Analogue Monitoring

Every year I like to basically unhook my teacher station in the lab and the studio desk. Since our equipment is somewhat patched together, I can adapt the setup to our current needs without “uninstalling” anything. Unlike some other teachers, I would honestly rather have a few cables hanging out and be able to change things than only do this when equipment gets upgraded.

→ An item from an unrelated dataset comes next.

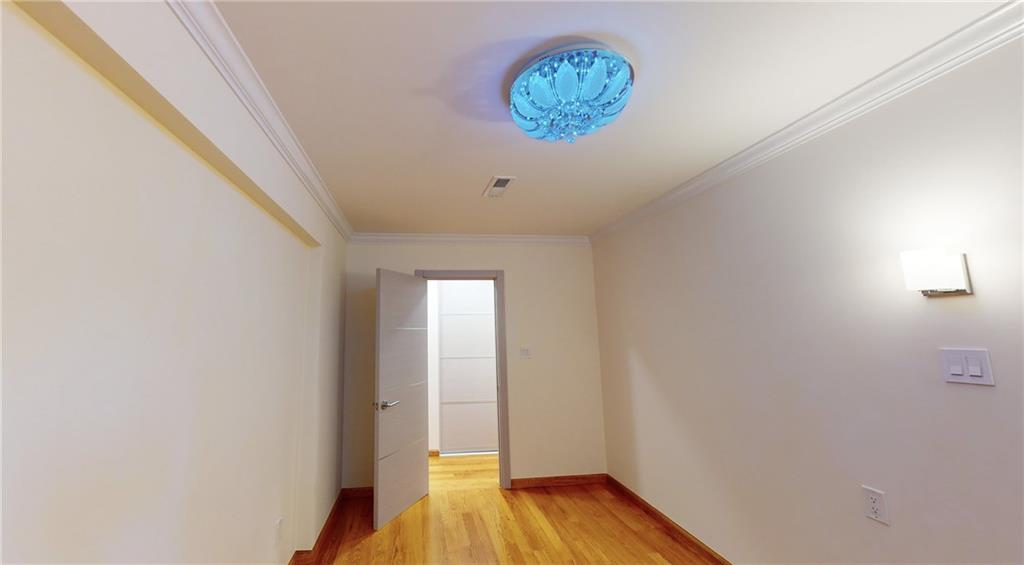 2547 West 2nd Street 2f Property Photo 23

This summer’s goals are to set up the teacher station in the lab as a massive “beat laboratory” MIDI setup (more on this in a later post) and to solve some signal flow issues in the studio.

The Issue
When we record a band, musicians often complain about a slight delay in the headphones. This started after we expanded our interface to 16 inputs, and hasn’t magically gone away yet.

The Cause
Delay in the monitor headphones is caused by a too-long signal path that involves the computer. Here’s the history lesson behind this:

In the dark ages, when all was analogue and tape, this wasn’t an issue. The mics went into the mixer, and the mixer split the incoming (post fader) signal between the monitors and the tape machine. Modern digital boards still do this. Since there is no “conversion” stage (the signal remains an electrical signal all the way back to the headphones) the sound is in the ears instantly.

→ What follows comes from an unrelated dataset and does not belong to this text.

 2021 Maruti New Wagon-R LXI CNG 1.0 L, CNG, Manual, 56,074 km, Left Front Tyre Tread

Delay is caused when the signal gets converted from analogue to digital, usually by an interface box, and then again when the computer sends audio out. Most setups with interfaces will default to hearing what’s on the computer (it is basically a sound card, after all).

So how do we fix this? I want my monitoring back!

Solutions
Here’s the tricky part. Our digital mixer (a pair of Alesis io26 interfaces) is supposed to do hardware monitoring. If I can get this to work, this means it can send the electrical signal back to the headphones without involving the computer, so we can monitor without delay. From a control panel on the computer, I can set whether this is active or not.

The tricky part is actually doing this in practice. A program like Logic (or Pro Tools or Cool Edit ’96 or whatever) will usually monitor the inputs for you, sending the audio back to the interface. This will still result in a delay, as the un-delayed signal is now being mixed with the delayed signal from the computer. You actually have to either mute the incoming tracks in the computer, or use the mix knob on the interface to switch it to monitoring. Confused? There’s more!

This leaves out the fact that lots of musicians and producers like to rely on software-based effects, which can only be heard through (you guessed it) the computer! So, want to hear that auto tune on the vocalist? It will have a bit of delay. Want to hear that sweet Amplitube effect on the raw guitar? Delay. A super good computer can overcome this, especially if you’re using a Lightpipe interface and a tiny buffer size, but when you have 16 simultaneous inputs this starts to not work, and delay (or worse) creeps back in.

Solved?
The best solution we’ve had to date is when a band can just perform individually and not deal with monitoring issues, but this isn’t ideal. Many bands want to record as they rehearse – all playing together. So that’s a basic overview of one of the pitfalls of recording audio digitally…I’ll update later with our solution to this problem!